Oil PSUs sign agreement for upcoming  ethanol plants

As per the agreement, ethanol produced by these dedicated ethanol plants shall be sold to OMCs for blending with petrol as per the government’s ethanol Blended Petrol (EBP) Program.

Autocar Pro News Desk By Autocar Pro News Desk calendar 12 May 2022 Views icon6906 Views Share - Share to Facebook Share to Twitter Share to LinkedIn Share to Whatsapp

The three PSU oil marketing companies  Bharat Petroleum Corporation (BPCL), Indian Oil Corporation (IOCL) and Hindustan Petroleum Corporation (HPCL)  have announced that they will be entering into a long-term purchase agreement (LTPA) for upcoming ethanol plants across India.

The first set of Tripartite-cum-Escrow Agreement (TPA) was signed among OMCs, project proponents and banks of the respective ethanol plant projects.  The State Bank of India, Indian Overseas Bank and Indian Bank are three banks who are involved in this tripartite agreement with OMCs and project proponents. The agreement is designed to ensure that payment received by ethanol plants is utilised for servicing the finance extended by these banks.

As per the agreement, ethanol produced by these dedicated ethanol plants shall be sold to OMCs for blending with petrol as per the government’s ethanol Blended Petrol (EBP) Program. Payment towards supply of ethanol shall be credited to an escrow account maintained with the financing bank to ensure servicing of loan as per schedule. TPAs have been signed with Micromax Biofuels  (Bihar), Eastern India Biofuels (Bihar), Muzaffarpur Biofuels (Bihar), K P Biofuels ( Madhya Pradesh)  and Visag Biofuels (Madhya Pradesh). 

India’s net import of petroleum was 185 million metric tons (MMT) in the last fiscal and cost the exchequer $551 billion.

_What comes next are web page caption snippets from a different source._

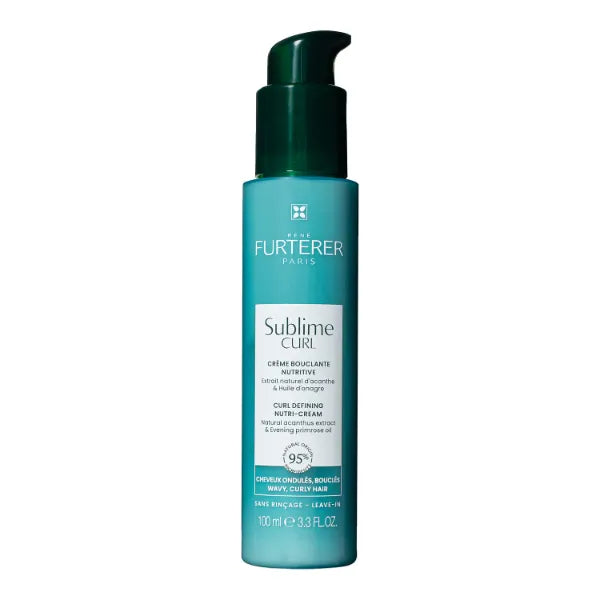 Rene Furterer SUBLIME CURL Curl Nutri-Activating Cream For Curly, Wavy Hair - Curl Enhancing Leave-In - Humidity & Frizz Control - 3.3 fl. oz.
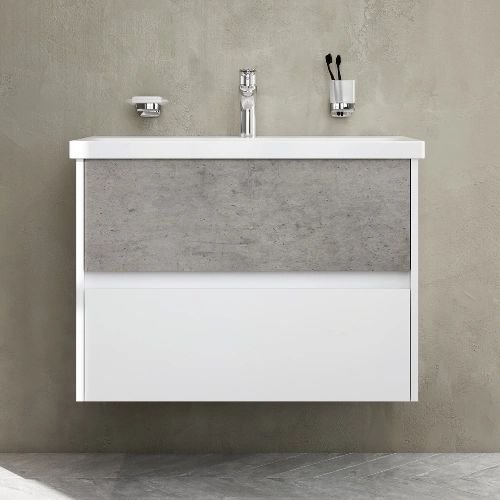 Тумба с умывальником AM.PM Gem S M91-FHX0752-WC0752BF38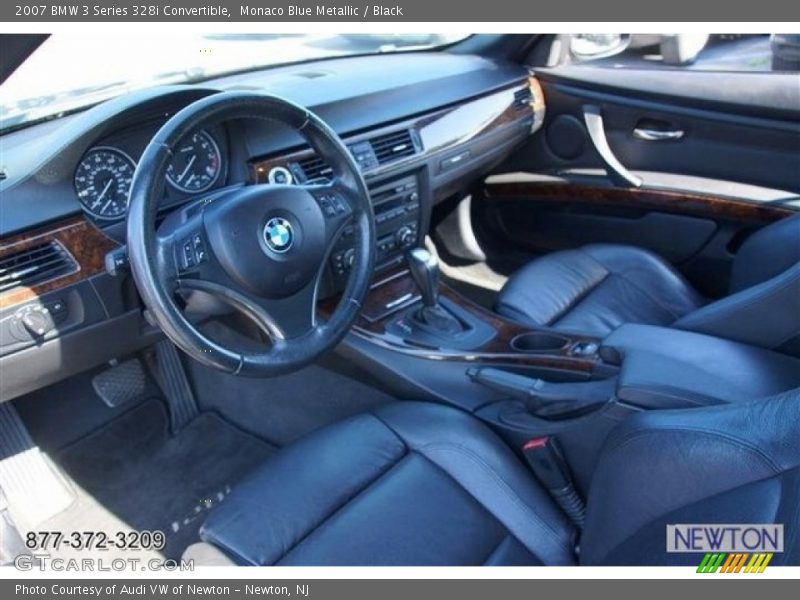 Monaco Blue Metallic / Black 2007 BMW 3 Series 328i Convertible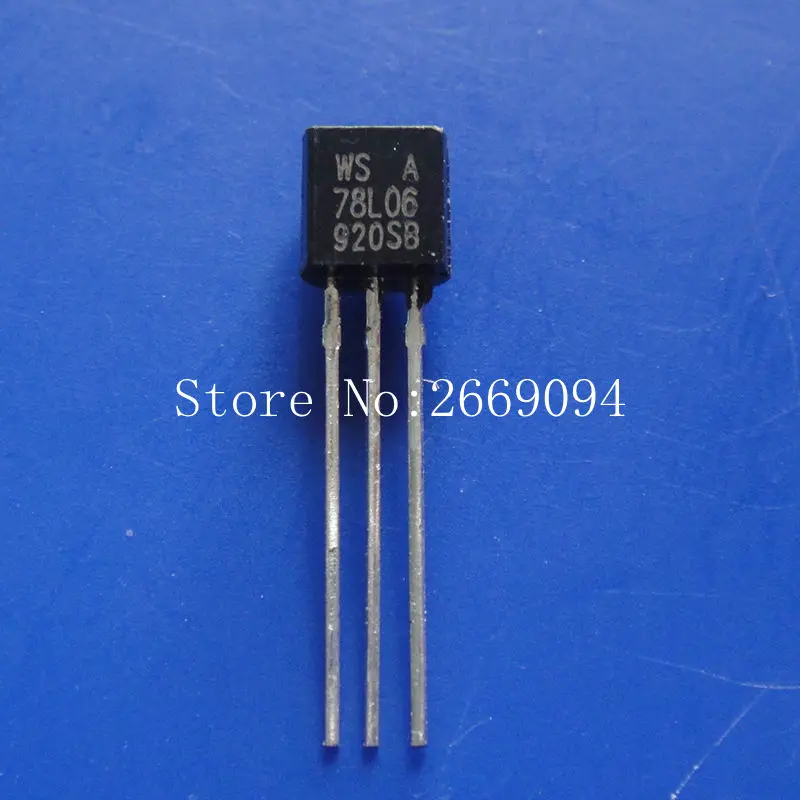 

50 шт. WSA78L06 TO92 78L06 A78L06 TO-92 Новый и оригинальный бесплатная доставка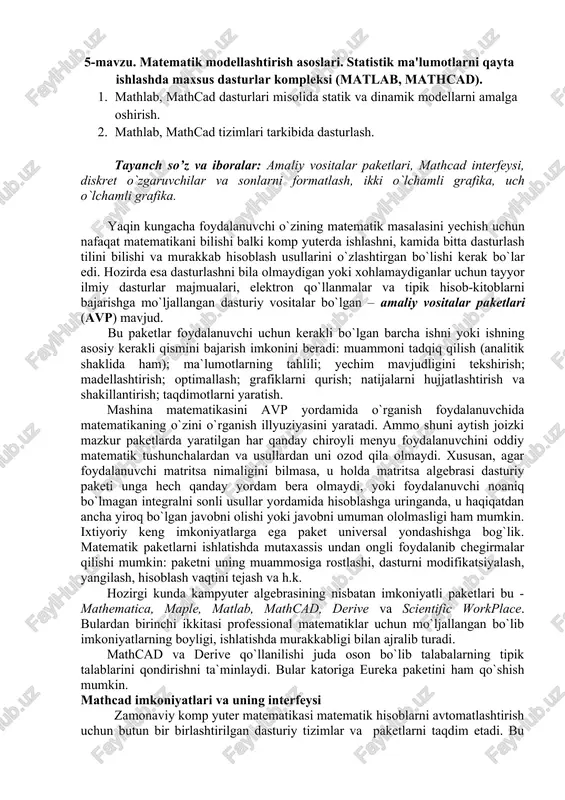 amaliy vositalar paketlari — DOCX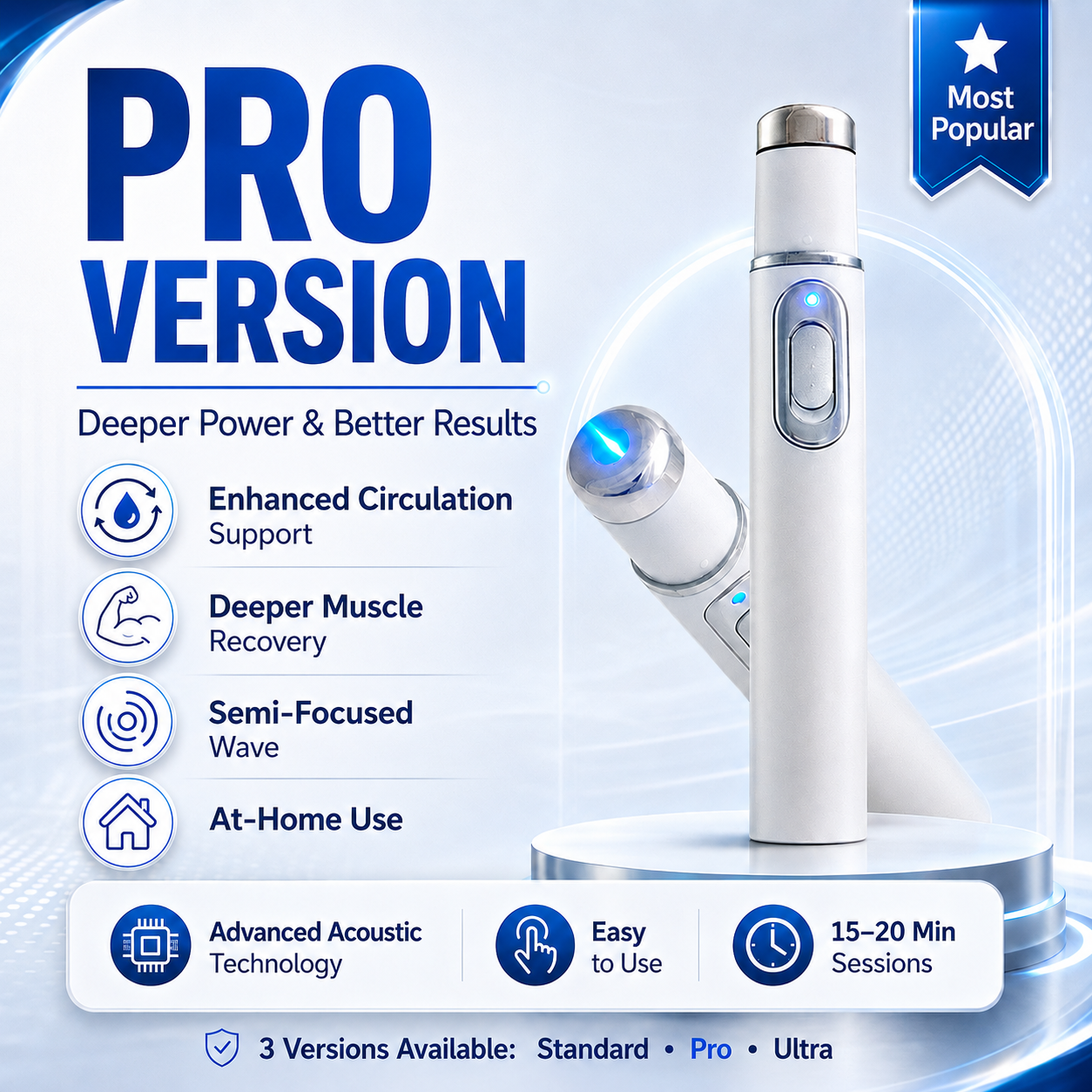 💖⚡ Next-Generation Ultrasonic Shock Wave Therapy Massager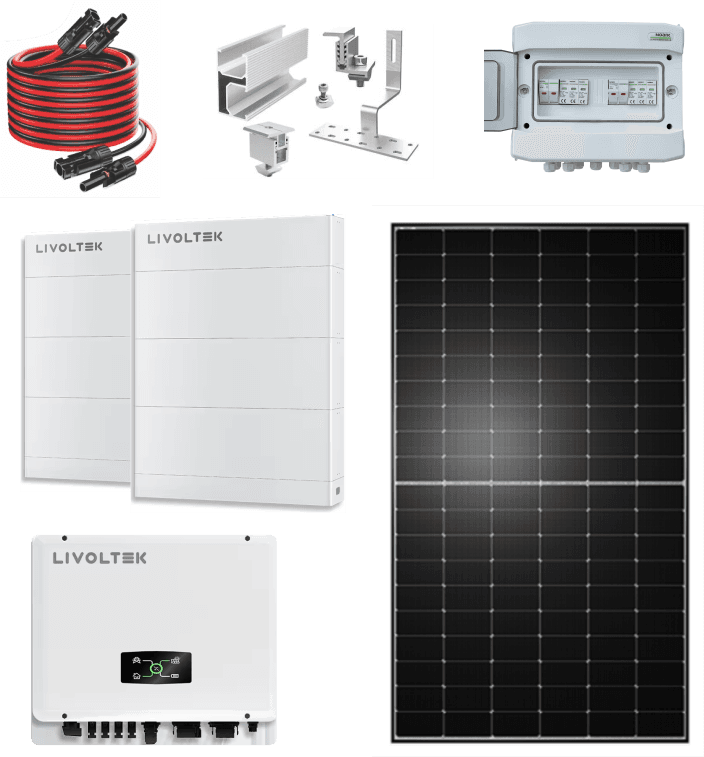 Solarna elektrana OFF GRID HIBRID LIVOLTEK/ DAH Solar 5 kW (4.72kW ) 5kWh baterije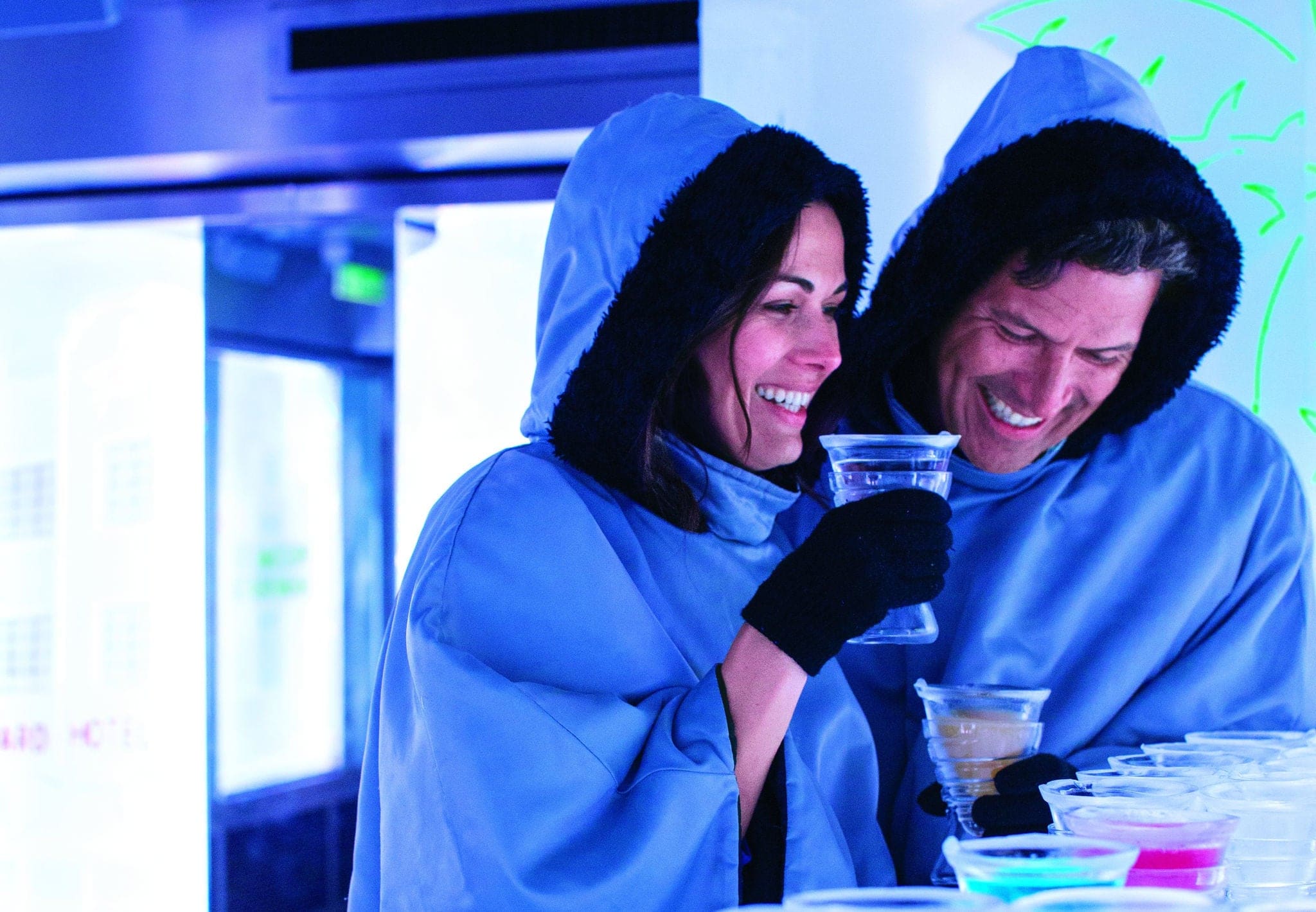Relájate en nuestro Ice Bar ártico.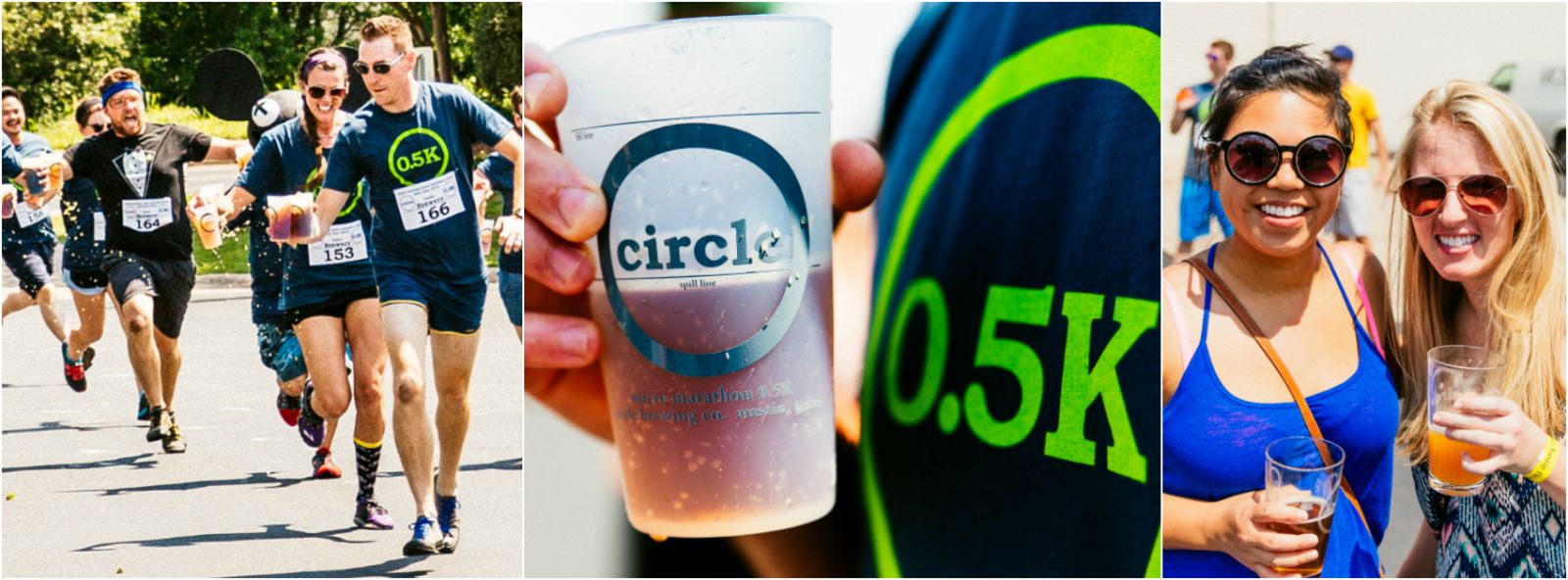 0.5K Micro Marathon Beer Run in Austin at Circle Brewing Company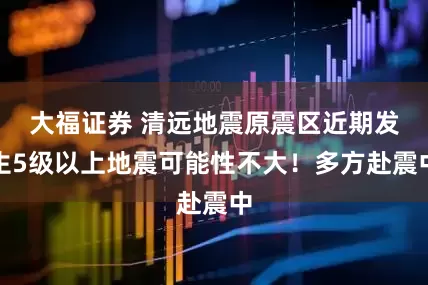 大福证券 清远地震原震区近期发生5级以上地震可能性不大！多方赴震中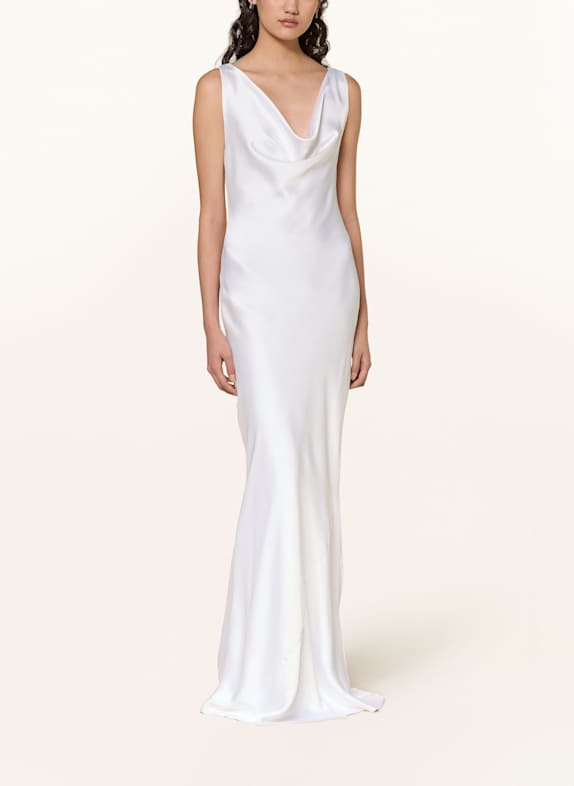 NORMA KAMALI Abendkleid aus Satin WEISS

Most of the petroleum products are used in transportation. A successful E20 program can save the country $4 billion per annum. In 2021-22, India achieved 9.90 percent  ethanol blending, consuming 186 crore liter of ethanol, thereby leading to saving of over Rs 9,000 crores in foreign exchange. However, the government has advanced the target of achieving 20 percent blended ethanol by 2025. The major challenge is the deficit of ethanol to achieve this target as ethanol which requires molasses as a key input is not available all over the country particularly in the southern states.

Since the Ukraine war, traditional fuel prices have gone through the roof putting a strain on the transportation and logistics industries. In order to handle its energy security requirements, India has also bought Russian crude which is being offered at a discount. From a socio-economic perspective, blending locally produced ethanol with petrol also helps though experts have cautioned that moving land under crop cultivation to sugarcane will lower the acreage under crops, and even lead to food inflation.

To achieve the E20 target, India requires 1,016 crore litres of ethanol by 2025-26. But, there is a deficit of approximately 650 crore liters of ethanol as per the current availability. These five projects are likely to contribute to around 23 crore litres of ethanol per annum, the government said.